All lines of the data shown below should be output exactly as they stand.

......

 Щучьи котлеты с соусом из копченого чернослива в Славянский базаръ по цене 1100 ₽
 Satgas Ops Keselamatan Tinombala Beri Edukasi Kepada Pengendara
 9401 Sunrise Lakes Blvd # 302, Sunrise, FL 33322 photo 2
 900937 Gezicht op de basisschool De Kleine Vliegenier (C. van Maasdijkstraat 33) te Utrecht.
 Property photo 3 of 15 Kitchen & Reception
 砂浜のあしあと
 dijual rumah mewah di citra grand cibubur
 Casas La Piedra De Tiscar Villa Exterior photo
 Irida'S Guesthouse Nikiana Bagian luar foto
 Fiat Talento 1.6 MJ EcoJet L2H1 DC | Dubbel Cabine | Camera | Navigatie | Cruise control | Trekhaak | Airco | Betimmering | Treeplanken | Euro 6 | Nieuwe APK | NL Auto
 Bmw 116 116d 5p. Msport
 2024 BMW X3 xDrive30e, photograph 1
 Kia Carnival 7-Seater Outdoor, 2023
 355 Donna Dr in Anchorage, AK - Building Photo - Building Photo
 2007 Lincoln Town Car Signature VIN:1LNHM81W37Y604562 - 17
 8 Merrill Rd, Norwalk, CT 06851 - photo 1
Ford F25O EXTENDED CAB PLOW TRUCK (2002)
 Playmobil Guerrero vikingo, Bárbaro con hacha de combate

......

- _Result of the task_
 Щучьи котлеты с соусом из копченого чернослива в Славянский базаръ по цене 1100 ₽
 Satgas Ops Keselamatan Tinombala Beri Edukasi Kepada Pengendara
 9401 Sunrise Lakes Blvd # 302, Sunrise, FL 33322 photo 2
 900937 Gezicht op de basisschool De Kleine Vliegenier (C. van Maasdijkstraat 33) te Utrecht.
 Property photo 3 of 15 Kitchen & Reception
 砂浜のあしあと
 dijual rumah mewah di citra grand cibubur
 Casas La Piedra De Tiscar Villa Exterior photo
 Irida'S Guesthouse Nikiana Bagian luar foto
 Fiat Talento 1.6 MJ EcoJet L2H1 DC | Dubbel Cabine | Camera | Navigatie | Cruise control | Trekhaak | Airco | Betimmering | Treeplanken | Euro 6 | Nieuwe APK | NL Auto
 Bmw 116 116d 5p. Msport
 2024 BMW X3 xDrive30e, photograph 1
 Kia Carnival 7-Seater Outdoor, 2023
 355 Donna Dr in Anchorage, AK - Building Photo - Building Photo
 2007 Lincoln Town Car Signature VIN:1LNHM81W37Y604562 - 17
 8 Merrill Rd, Norwalk, CT 06851 - photo 1
Ford F25O EXTENDED CAB PLOW TRUCK (2002)
 Playmobil Guerrero vikingo, Bárbaro con hacha de combate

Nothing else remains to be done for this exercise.